Die Verfilmung „Wer die Nachtigall stört“ („To Kill A Mockingbird“) konnte bei ihrer Premiere im Jahr 1962 auf beträchtlichen Rückenwind hoffen: der Ursprungsroman von Harper Lee hatte alle relevanten Literaturpreise abgeräumt und sich aus dem Stand (zumindest in den USA) den Status eines Klassikers gesichert. Für die Hauptrolle des Atticus Finch hatte der Produzent Alan J. Pakula Gregory Peck gewonnen, und auf dem Regiestuhl sollte Robert Patrick Mulligan Platz nehmen, mit dem Pakula bereits mehrfach zusammengearbeitet hatte. Die Buchautorin Lee besuchte die Dreharbeiten, reiste aber vorzeitig ab, weil sie den Eindruck bekam, ihre Anwesenheit sei nicht notwendig. Der Film spielte das Zehnfache seiner Kosten ein und gewann drei Oscars.

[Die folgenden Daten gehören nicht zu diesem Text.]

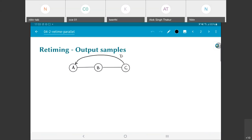I just wanted to go over the example of retiming once more, but now with reference to the output samples that are being produced. I am going to take the simple example of this particular recursive data flow graph: A to B, B to C, and then C back to D. The arrows are missing on the A to B and B to C, but they are in the left to right direction.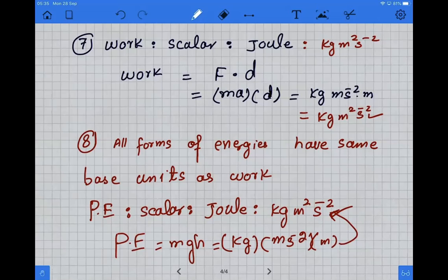These are the eight quantities we were supposed to cover in this slide. The remaining quantities will be covered in the next two slides. Take care, khuda hafiz.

In den USA ist die väterliche Hauptfigur und Vater der Erzählerin Mary Louise „Scout“ Finch eine Art Archetyp für die Qualität Empathie. Dafür spricht nicht nur sein Verhalten im zentralen Plotkonflikt, als er die Verteidigung des der Vergewaltigung angeklagten Paul Robinson übernimmt, sondern insbesondere sein Verhalten gegenüber seinen Kindern Scout und Jem.
Gleich zu Beginn des Films bringt ein armer Farmer, Mr. Cunningham, der Familie Finch einen Sack Walnüsse.
(aus: „Wer die Nachtigall stört“, UP 1962)
Nun ist es relativ „dankbar“, das Verhältnis zwischen Vater und Tochter einerseits und eine komplexe empathische Situation andererseits im Film zu erklären, indem ein naiv-neugieriges Kind direkte Fragen stellt, die der Vater geduldig beantwortet. Man hat aber als Drehbuchautor so nicht nur die bequeme Gelegenheit, etwas Exposition über Charaktere, Handlung und Konflikte unterzubringen — sondern gleichzeitig die Herausforderung, die Szene nicht vom gewünschten Ende her, sondern Schritt für Schritt authentisch zu erzählen.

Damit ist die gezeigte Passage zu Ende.